Decided: May 20, 2014

GONZALEZ, P.J., FRIEDMAN, MOSKOWITZ, FREEDMAN, KAPNICK, JJ. Newby Toms, appellant pro se. Albert PLLC, New York (Craig J. Albert of counsel), for respondent.

Order, Supreme Court, New York County (Manuel J. Mendez, J.), entered March 21, 2013, which denied defendant's motion to vacate enforcement proceedings relating to the confessions of judgment filed by plaintiff and subsequently assigned to respondent judgment creditor, unanimously affirmed, without costs. Appeal from order, same court and Justice, entered June 14, 2013, as amended July 29, 2013, which, to the extent appealable, denied defendant's motion to renew, unanimously dismissed, without costs, as academic. Order, same court and Justice, entered June 14, 2013, which, to the extent appealed from as limited by the briefs, granted respondent's cross motion to direct the Clerk to record the assignment of the judgments to respondent, unanimously affirmed, without costs.
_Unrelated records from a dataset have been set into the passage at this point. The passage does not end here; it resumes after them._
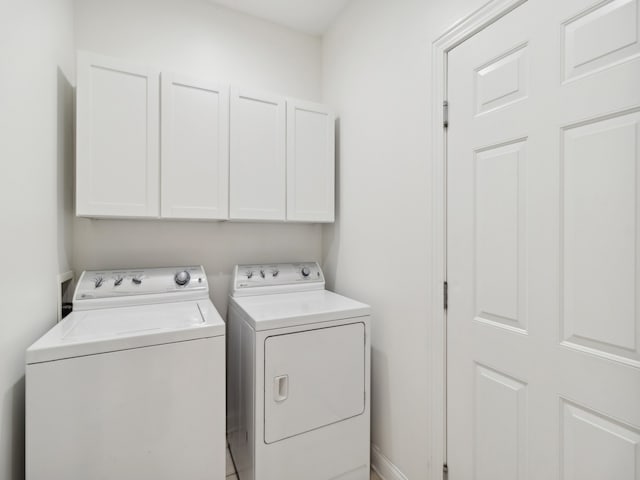 clothes washing area with cabinets and washer and clothes dryer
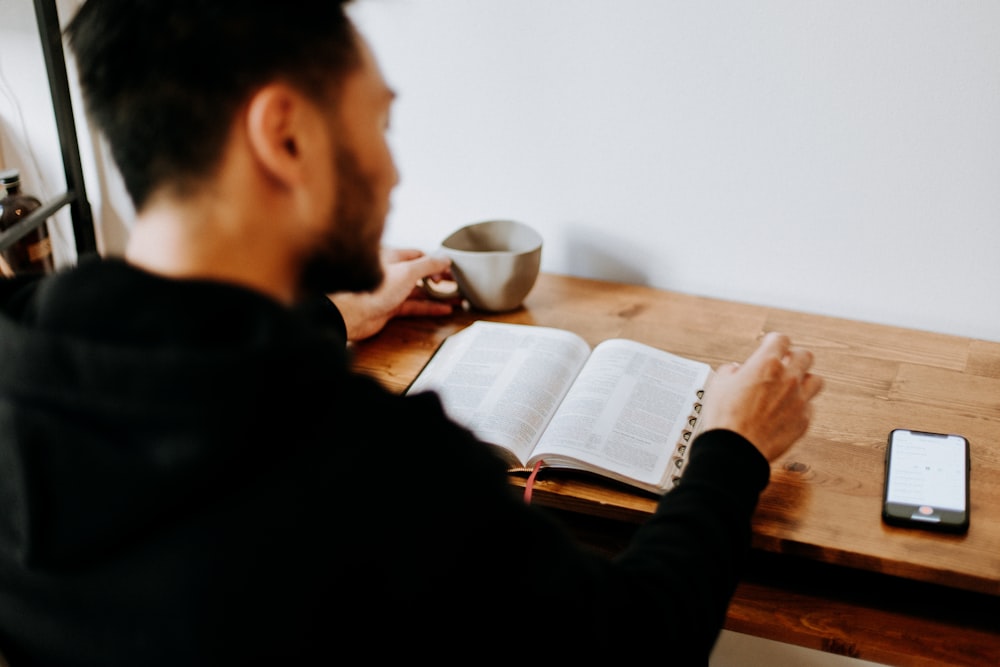 uomo in camicia nera a maniche lunghe che scrive su carta bianca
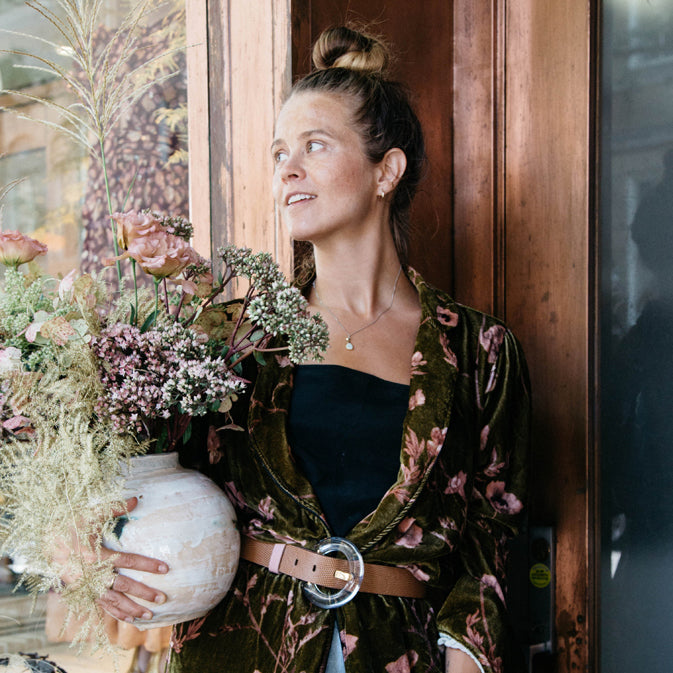 Taylor Patterson standing in window holding white vase full of flowers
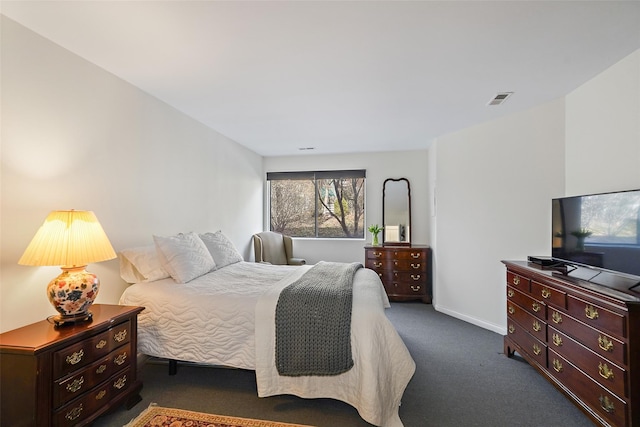 carpeted bedroom with visible vents and baseboards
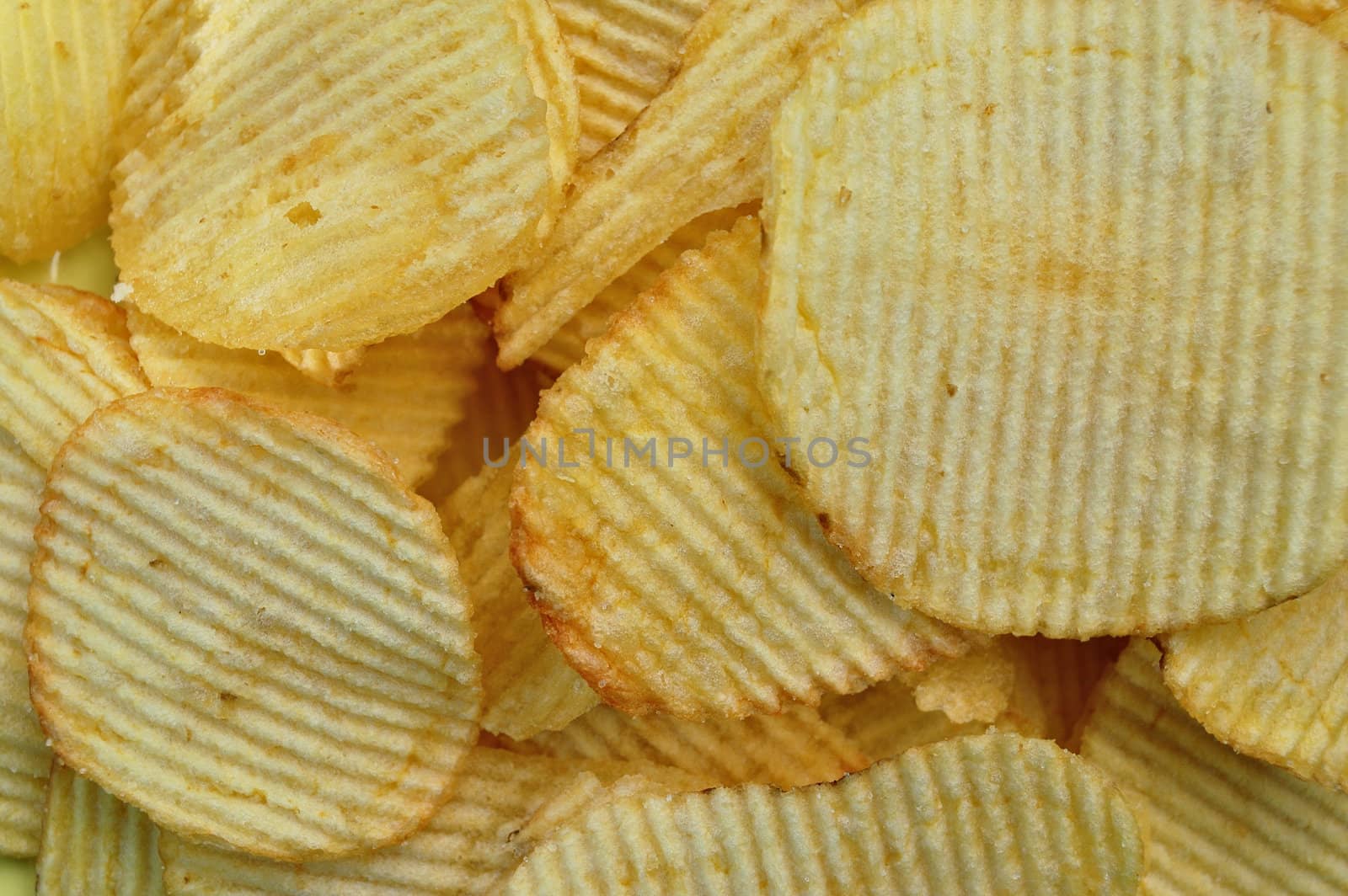Potato chips food texture. Salty snack background.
Supreme Court correctly rejected defendant's argument that the general release executed by plaintiff, the original judgment creditor, served to extinguish the judgments by confession that the plaintiff had duly filed in 1996. Rather, the court properly read the general release in conjunction with the contemporaneously executed stipulation of settlement agreement between, inter alia, plaintiff and defendant (see Nau v. Vulcan Rail & Constr. Co., 286 N.Y. 188, 197 [1941]; Teletech Europe B.V. v. Essar Servs. Mauritius, 83 AD3d 511, 512 [1st Dept 2011] ). Read as a whole, the agreements make clear that defendant was only released from direct liability to plaintiff, which assigned the judgments to respondent judgment creditor's predecessor. Not only does the stipulation of settlement agreement expressly provide that plaintiff assigned the judgments to respondent's predecessor, but defendant's affidavit in support of his original motion acknowledged this assignment, and that respondent's predecessor assigned all of its rights, claims and properties to respondent in December of 2010. Such formal judicial admissions are binding for the purposes of this litigation (see Figueiredo v. New Palace Painters Supply Co., Inc., 39 AD3d 363, 364 [1st Dept 2007] ), and, in any event, they are supported by the documentation in the record.

Supreme Court also correctly found that defendant failed to meet his burden to establish that he had paid the judgments to respondent's predecessor or to respondent (see Dowling v. Hastings, 211 N.Y.199, 201 [1914] ). Defendant did not present a satisfaction of judgment, and his claims to have paid the judgments in 2002 to respondent were refuted by respondent's principal, and are inconsistent with the fact that respondent, although a beneficiary of the predecessor trust, did not own the judgments until the trust's property was assigned to it eight years later. Moreover, the sole trustee of the predecessor trust at the time of the alleged payment averred that he never entered into any agreement to accept payment of defendant's debt to the trust.

Supreme Court properly directed the Clerk of the Court to record the transfer of the judgments pursuant to CPLR 5019(c).

We have considered defendant's remaining arguments and find them unavailing.